You must have created a budget to make a repayment plan for your debt, and you must have understood how and why it is imperative to budget. You should continue it. It will keep you on track. However, you will need to revise it because now you do not have to pay any kind of debt. It will help you pay focus on tracking your spending.

Without budgeting, it will be hard for you to achieve your financial goals. It is likely that you used manual budgeting, and at that time, you had to bite the bullet because you had to pay off the debt. If manual budgeting does not seem appealing to you, use a budgeting app.

Just download it and link it to your bank account. You will get all transactions in one place. Whether you use the card for all transactions or you withdraw money to use it for expenses, it does not matter because it considers a set spending limit. It can prevent you from spending beyond the set limit by sending you an alert.

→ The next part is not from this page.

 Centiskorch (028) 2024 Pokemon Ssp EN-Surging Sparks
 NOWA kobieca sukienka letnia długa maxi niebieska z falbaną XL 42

  • Increase your emergency fund

One of the greatest reasons for falling into debt is that you keep borrowing money during an emergency. Unexpected expenses can catch you by surprise, and you will need money to meet them. In the absence of an emergency cushion, you can take out payday loans from a direct lender.

Unfortunately, you do not realize that you are to pay interest on the amount you borrow. It is clearly understood that your current salary is not enough to meet the unforeseen expenditure, so you will not be able to pay off the debt. Interest will be an additional burden on your pocket.

As a result, you end up rolling over the loan and fall into debt. It is vital to understand that you cannot avoid taking out debt if you do not have an emergency corpus. Pay yourself first. It means to stow away a portion of it when you receive your pay. To increase your contribution to the emergency fund, you should try to cut back on your spending.

  • Increase your retirement savings

You may not emphasize building retirement funds, but you should start focusing on it along with an emergency cushion. You may have been contributing to your pension, but this may not be enough to ensure that money will be enough to get by in your twilight years. Apart from contributing to the state pension scheme, you should try to stash away some money for the golden years of your life.

Do not keep money in a savings account because this will not yield a return. Try to invest this money in diversified assets. For instance, you can invest money in stocks, fixed deposits, and mutual funds. Fixed deposit is not as riskier as stocks so you will get moderate interest. However, this is still more favourable than letting money idle in your savings account.

Your budget must have the potential to have room for some money to be invested in various assets after meeting your monthly expenses and saving for emergencies. Think about increasing your income sources. Consider a pay hike or shift to a company where you are offered higher pay. Consider doing a part-time job or a side gig so you can have more cash coming in.

At the time of saving for retirement, you may not have an idea of how much money needs to be laid aside every month so you do not fall short of cash. Consult a financial advisor. They will give some suggestions based on your financial situation.

The size of retirement savings depends on the lifestyle you need. At this stage, you can get to know the estimation. Emergencies can pop up even at the time of retirement. If you need money to fund it, you can plan to take out loans for the unemployed on benefits.

  • Be sensible with your credit card use

You should be sensible about the use of credit cards. They promote “the buy now pay later” scheme that seems very tempting, but you fail to consider that interest will continue if you do not pay them off within the grave period.

Another issue with the use of credit cards is that you make the purchase worth more than your paying capacity, which means you fall into credit card debt. Credit card carries very high-interest rates. Do not forget that they have a role in boosting your credit rating as well. If you have a balance, your credit score will not go down.

To conclude

When you become debt free, the first thing is you do not have to be reckless with your spending. Revise your budget and stick to it. Build an emergency corpus and retirement funds. Use your credit cards sensibly and pay off all your utility bills, rent, etc. on time.